Print the lines in the listing below starting at the line with "CLOSURE DEVICE AND METHOD diagram and image" and ending at the line with "before and after", both included. Reproduce them exactly and omit every picture.
+++ Dataset records
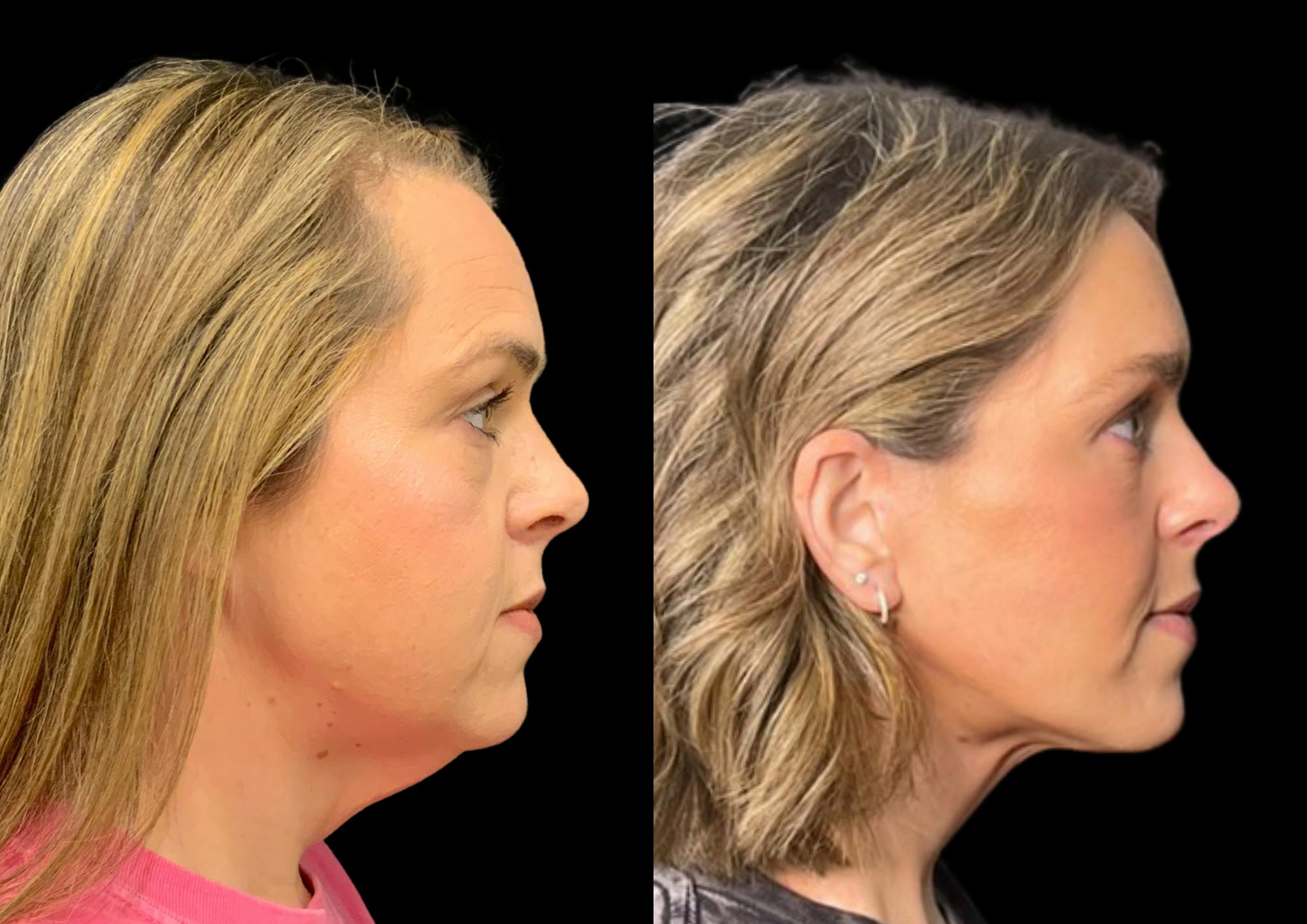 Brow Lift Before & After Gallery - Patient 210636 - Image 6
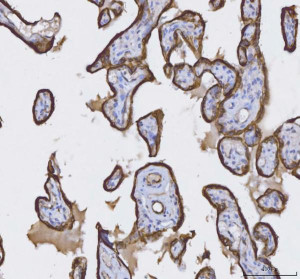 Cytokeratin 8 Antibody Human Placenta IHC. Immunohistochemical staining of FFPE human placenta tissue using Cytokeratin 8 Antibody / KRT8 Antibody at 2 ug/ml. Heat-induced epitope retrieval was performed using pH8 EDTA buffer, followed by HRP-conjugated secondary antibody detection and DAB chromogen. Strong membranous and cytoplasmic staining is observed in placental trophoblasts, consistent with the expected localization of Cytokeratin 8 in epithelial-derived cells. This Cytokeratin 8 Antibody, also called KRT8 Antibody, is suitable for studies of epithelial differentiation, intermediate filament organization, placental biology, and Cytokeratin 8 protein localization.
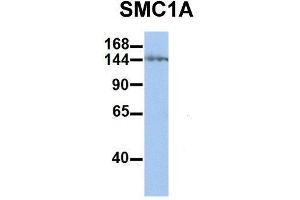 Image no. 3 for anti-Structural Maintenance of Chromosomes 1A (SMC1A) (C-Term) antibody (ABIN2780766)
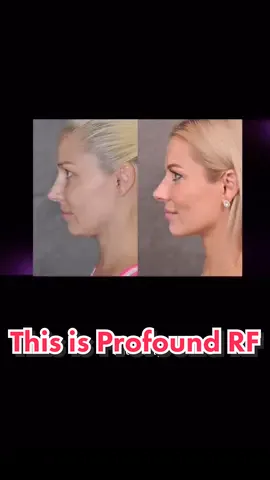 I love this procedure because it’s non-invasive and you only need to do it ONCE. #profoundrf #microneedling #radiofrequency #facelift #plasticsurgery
++++++
+++ Dataset records
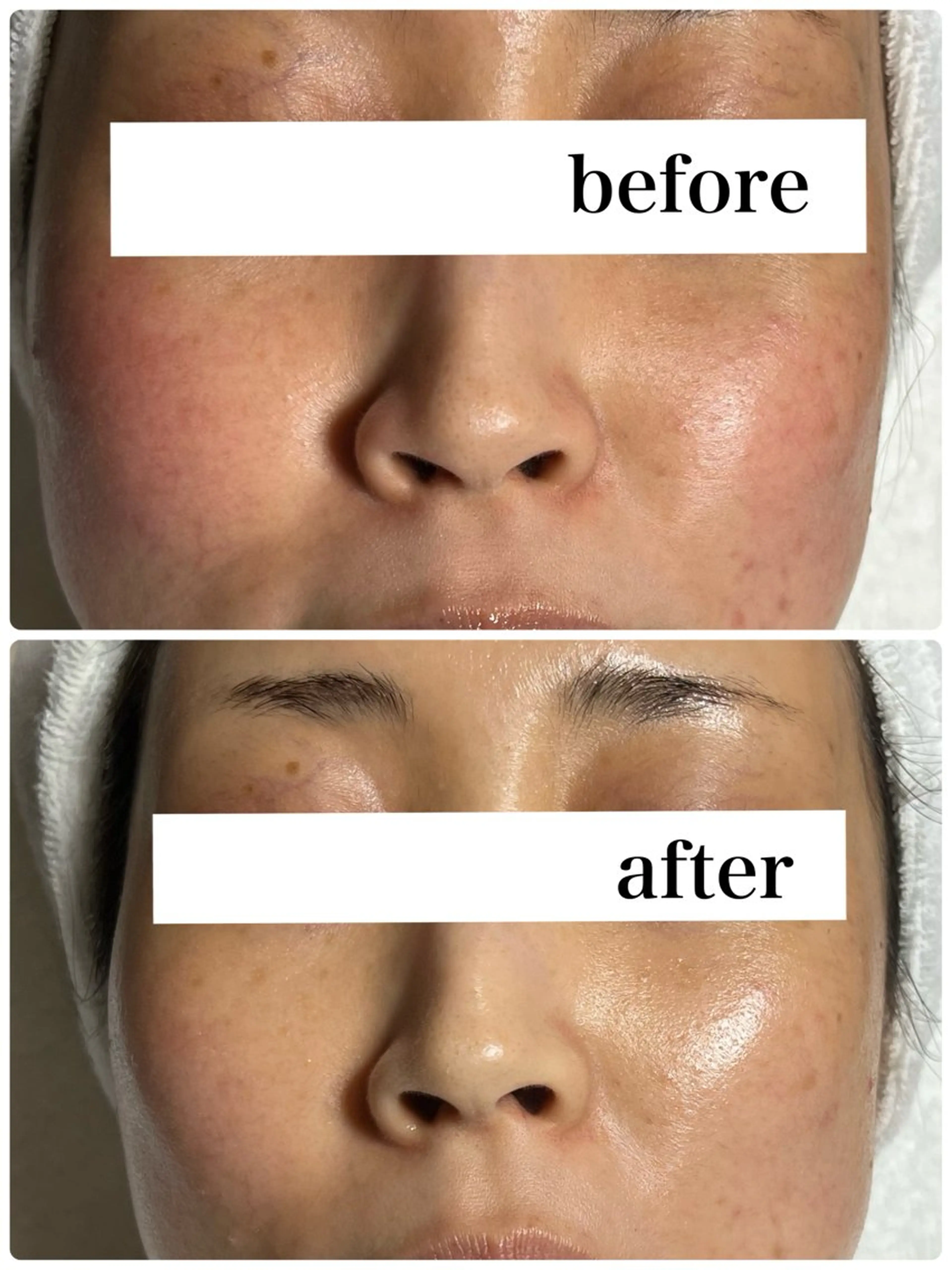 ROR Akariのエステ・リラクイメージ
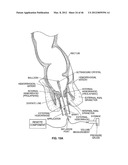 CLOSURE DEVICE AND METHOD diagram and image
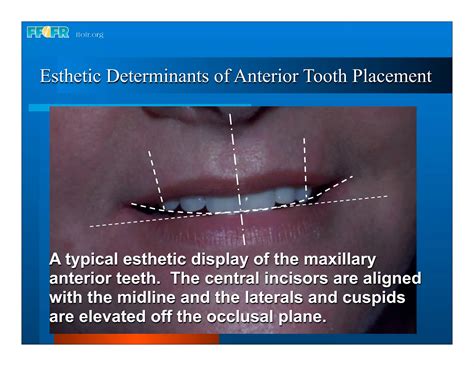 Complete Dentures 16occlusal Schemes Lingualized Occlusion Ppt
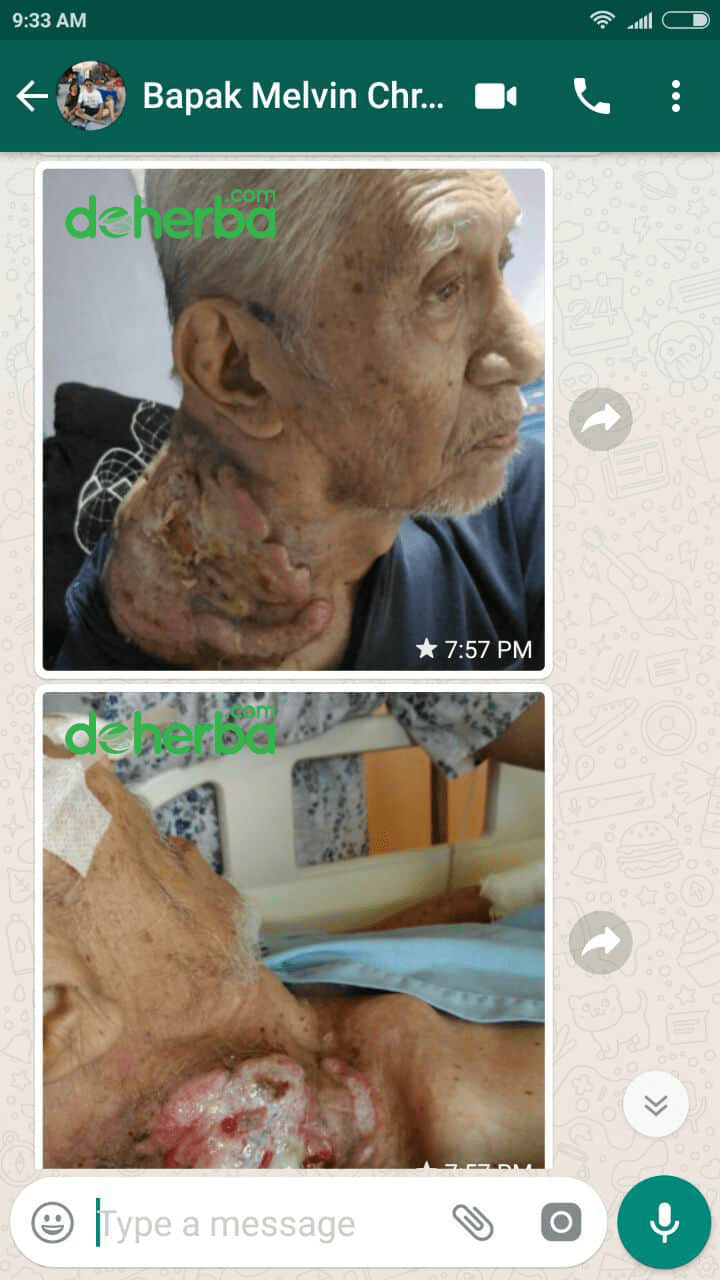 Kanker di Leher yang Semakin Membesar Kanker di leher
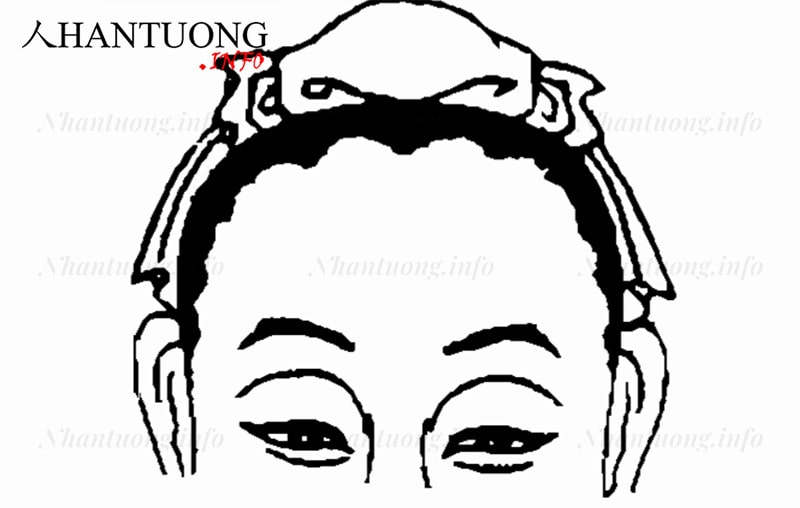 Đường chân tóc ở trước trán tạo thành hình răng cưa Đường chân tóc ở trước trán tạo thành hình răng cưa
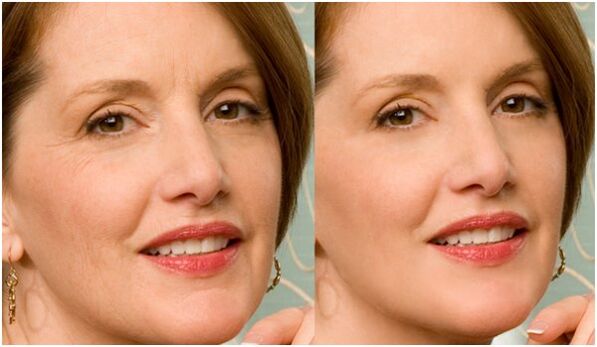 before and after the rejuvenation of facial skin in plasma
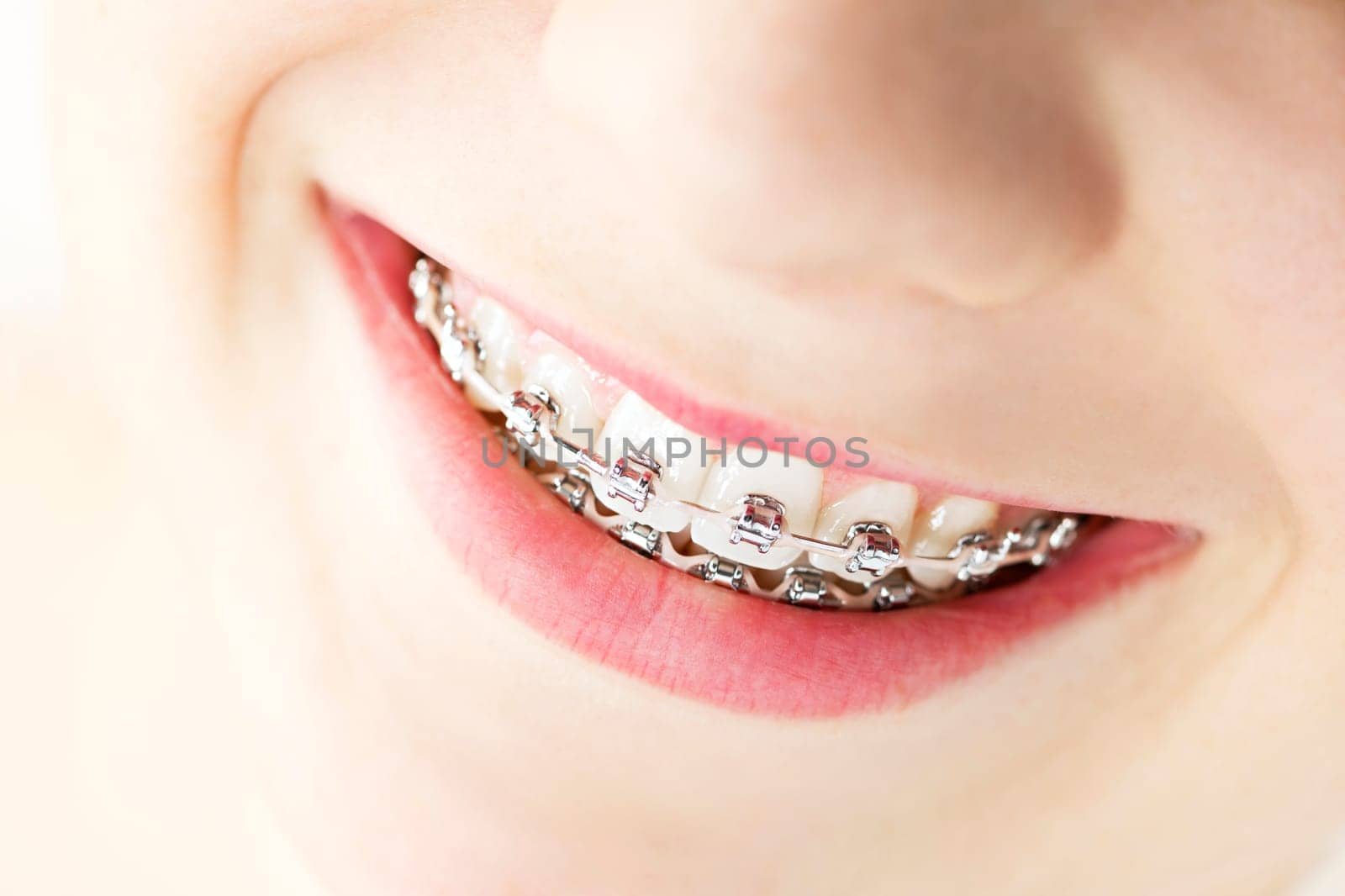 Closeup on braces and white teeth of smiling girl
++++++
+++ Dataset records
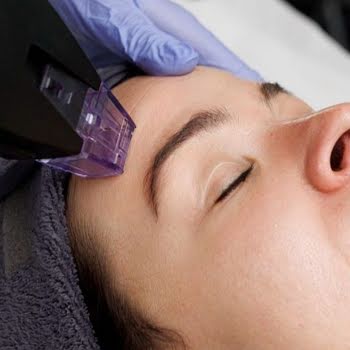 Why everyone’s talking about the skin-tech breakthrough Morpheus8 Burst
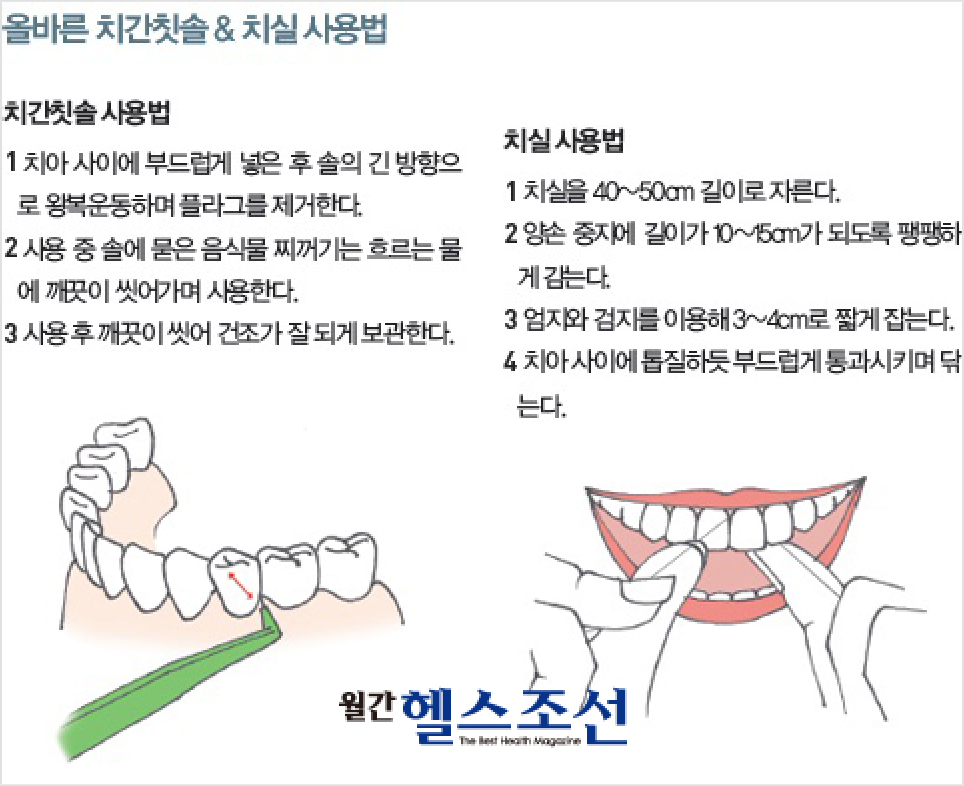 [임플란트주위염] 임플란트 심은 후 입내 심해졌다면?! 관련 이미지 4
++++++
> [Output of the task]
 CLOSURE DEVICE AND METHOD diagram and image
 Complete Dentures 16occlusal Schemes Lingualized Occlusion Ppt
 Kanker di Leher yang Semakin Membesar Kanker di leher
 Đường chân tóc ở trước trán tạo thành hình răng cưa Đường chân tóc ở trước trán tạo thành hình răng cưa
 before and after the rejuvenation of facial skin in plasma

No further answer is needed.